## Exercise objective:
Would you return each record that follows word for word, without its pictures?

## Exercise data:
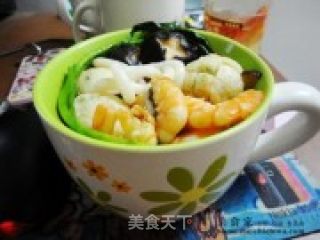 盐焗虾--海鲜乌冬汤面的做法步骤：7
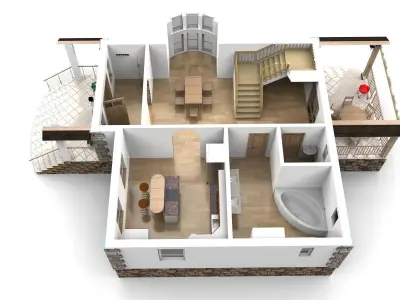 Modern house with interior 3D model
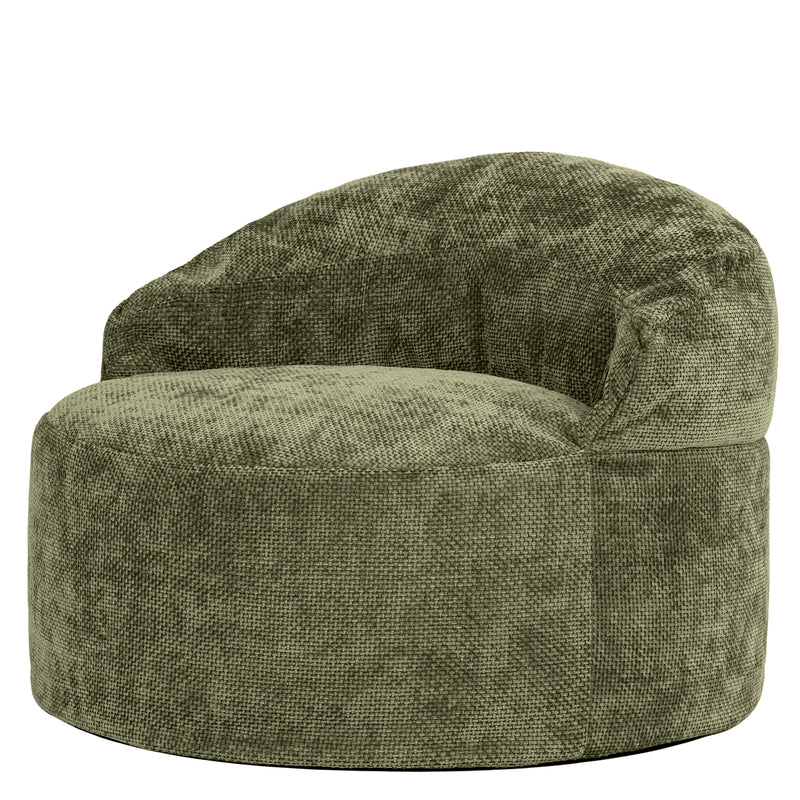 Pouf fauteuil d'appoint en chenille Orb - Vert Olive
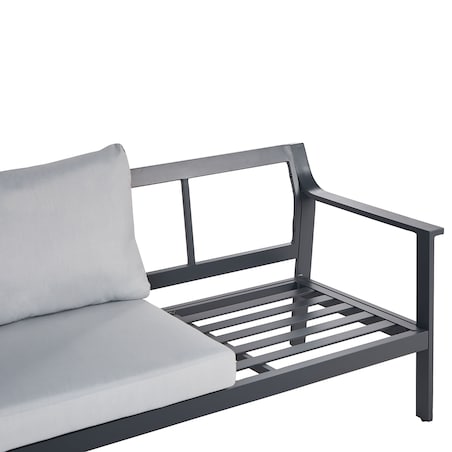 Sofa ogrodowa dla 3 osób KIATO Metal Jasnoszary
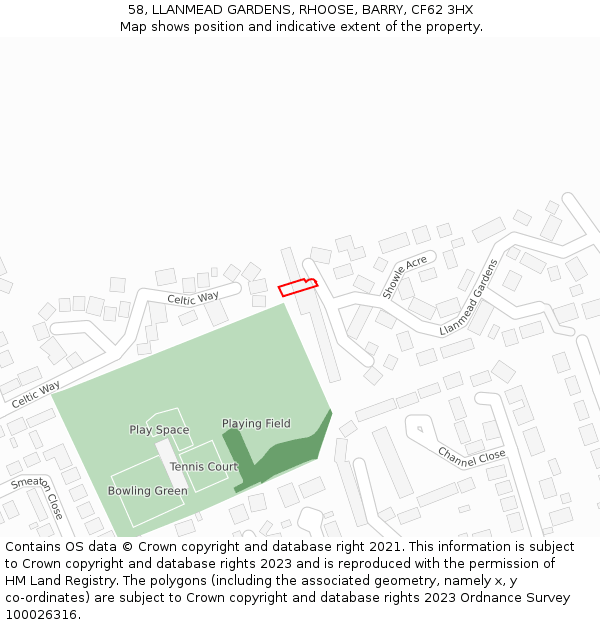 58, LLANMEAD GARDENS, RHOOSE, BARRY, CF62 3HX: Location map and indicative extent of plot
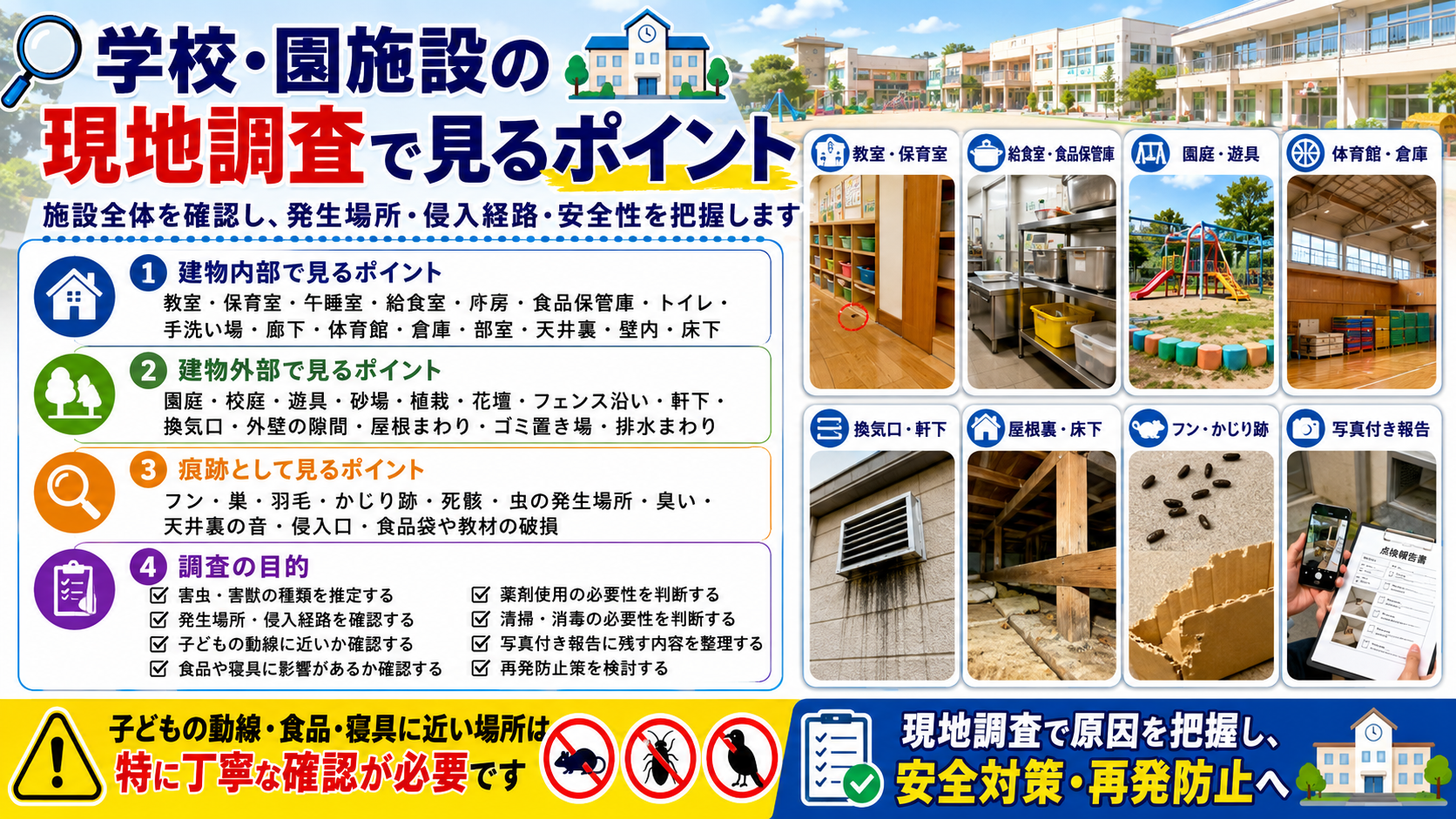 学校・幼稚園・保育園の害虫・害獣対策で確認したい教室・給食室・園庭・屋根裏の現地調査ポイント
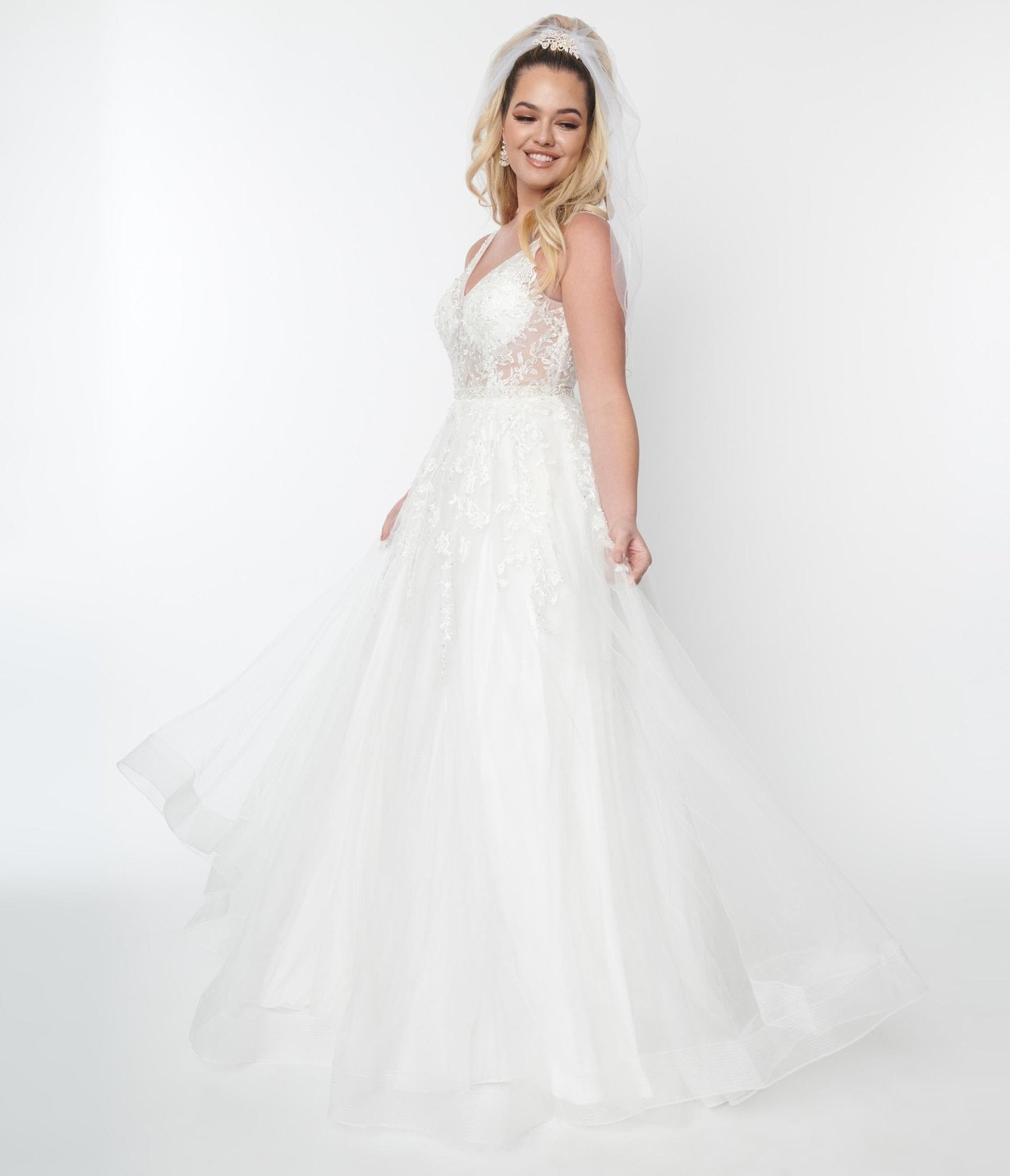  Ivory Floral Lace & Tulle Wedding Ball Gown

## Expected output:
 盐焗虾--海鲜乌冬汤面的做法步骤：7
 Modern house with interior 3D model
 Pouf fauteuil d'appoint en chenille Orb - Vert Olive
 Sofa ogrodowa dla 3 osób KIATO Metal Jasnoszary
 58, LLANMEAD GARDENS, RHOOSE, BARRY, CF62 3HX: Location map and indicative extent of plot
 学校・幼稚園・保育園の害虫・害獣対策で確認したい教室・給食室・園庭・屋根裏の現地調査ポイント
  Ivory Floral Lace & Tulle Wedding Ball Gown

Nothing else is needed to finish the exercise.